And the Oliviera ones, José María Oliveira, like, know, I'd heard these but I'd never even seen it back then when I was writing it.

So, I was reaching out, trying to find people online who had a copy. And so eventually I, I get his phone number and I talk to him on the phone and. And then I,

Randy Astle: Nice.

Mason Kamana Allred: Ben Harry over at uh, BYU Provo, 'cause we worked together at the Church History Library. I was like, Hey, you gotta go to his house and get these masters and like restore this thing.

And he was like, oh wait, who's it? So, in that conversation, I got Ben to go over there and meet with them and he got, and he actually had, and only Oliviera had them in his garage. Then those got restored and it was this really great relationship where like [00:12:00] I was teaching this Mormon cinema class then the next year it came around again, I had a restored copy, like a digital file of the restored copy from

Randy Astle: Huh.

Mason Kamana Allred: because of that. So, and then there was a Salt Lake Tribune article

Randy Astle: I didn't know that's how it happened.

Mason Kamana Allred: like what, just a few days ago talking to him

Randy Astle: Yeah,

Mason Kamana Allred: Right. So was really happy about that and, um, not that I'm trying to like, you know, get everyone exposure to these movies. Never heard of alone, just for the sake of being obscure. But because I think they're really worth looking at and talking about, like, I do think that they merit more attention.

Jenny Champoux: I really liked this about both of your chapters that you both showed that there is a much longer historic tradition of film in the Latter-day Saint tradition that isn't as well known. Um, and I think both of you mentioned kind of the one, when people think about Latter-day Saint cinema, the first thing they think of is the movie God's Army from 2000. Randy, I saw you recently wrote a little essay [00:13:00] about this in the Association for Mormon Letters journal. Uh, so tell us what I mean, this, this may be a film that most of our listeners actually are familiar with, as you pointed out, one of the most, you know, groundbreaking LDS films.

So, what, what was so revolutionary about this film? Um, what effect did it have?

Randy Astle: Yeah. Well, um, I wrote this, uh, blog post, um, a couple weeks ago because God's Army actually came out on March 10th, uh, 2000. And so, I'd been casting around with some AML people or, or Ben at BYU and just saying, Hey, is anyone going to do anything, um, to, to celebrate this? And so I thought I'd write up a quick little, um, in memoriam or celebration of, of this film on its 25th anniversary, um, be, which is ironic because I kind of feel like I've made a, a little vocational career here for the past 25 [00:14:00] years of proving that God's Army was not the first LDS or Mormon film.

Uh, when it came out. I, um, was really impressed by it, which is, I'll talk about that in a, in a minute, but I, I guess I have enough of a nerdy or academic bent that I thought, you know, I know this is not the first movie. I showed movies to people on my mission. I'd seen Legacy at the Legacy Theater, uh, and there's this mysterious Brigham Young movie from 1977.
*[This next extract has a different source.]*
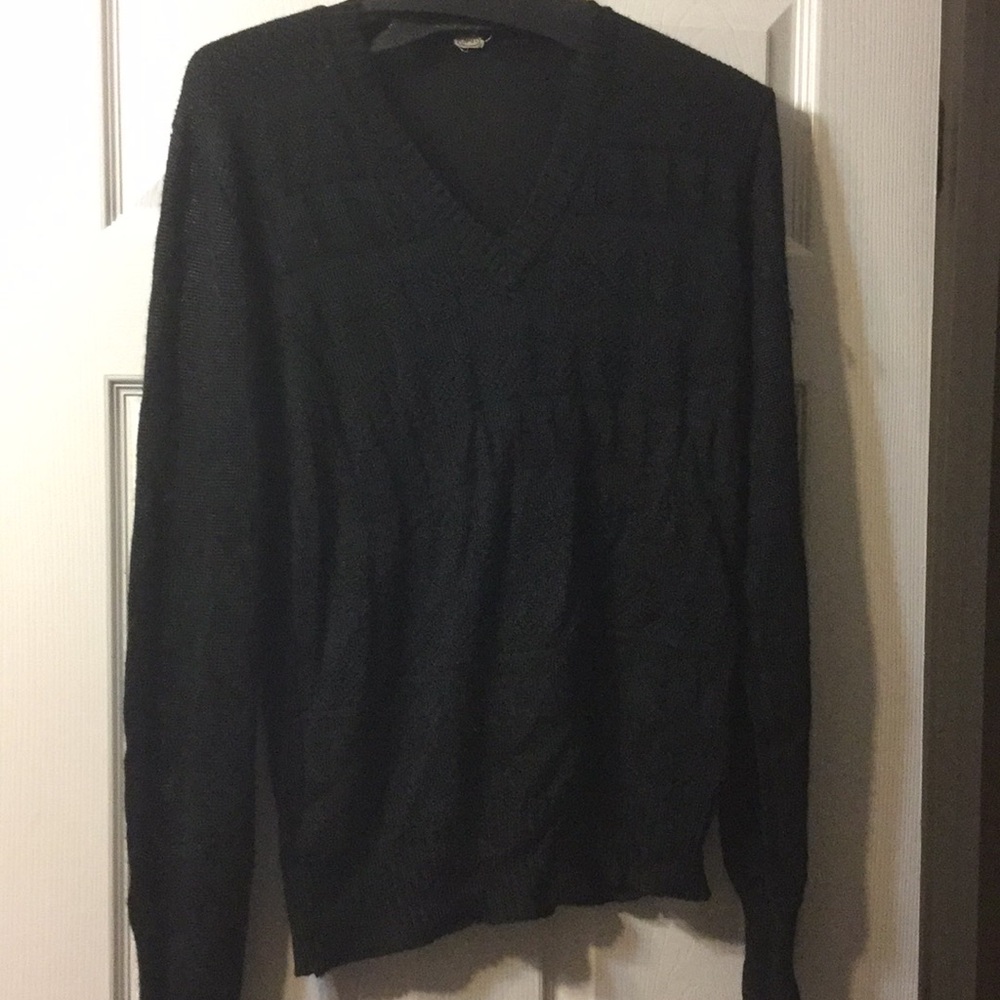 M textured sweater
So, I thought, okay, what else can I go out there and, and see that there is, and you know, so that's taken 25 years as I've been learning all these thousands, not just hundreds of films that came before God's Army, um, let alone the explosion that it caused. So, so God's Army is not the first, um, LDS or Mormon film, Richard Dutcher's, not the father of, of Mormon cinema in that way.
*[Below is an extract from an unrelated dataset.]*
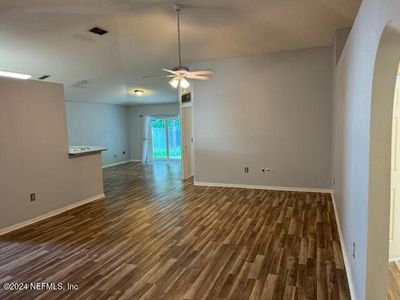 9119 Shindler Crossing Drive, House other with 3 bedrooms, 2 bathrooms and null parking in Jacksonville FL | Image 2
But we, I do have to give it credit, which is what I was trying [00:15:00] to do with this little blog post, because it did change everything. It's very arguably the most important, um, Mormon film ever made, at least in terms of the corpus of Mormon cinema and, and what it did to shape the course of that movement. Um, so I was a, I was a freshly enrolled, newly minted BYU film student in 2000 when it came out.

And there were occasional student films and things that, that talked about something happening at BYU. So those were technically, uh, informed by the Church or the culture. Um, but then these rumors started going amongst the, the film students about this film that someone, some guy in California made a feature film about missionaries and he's going to release it.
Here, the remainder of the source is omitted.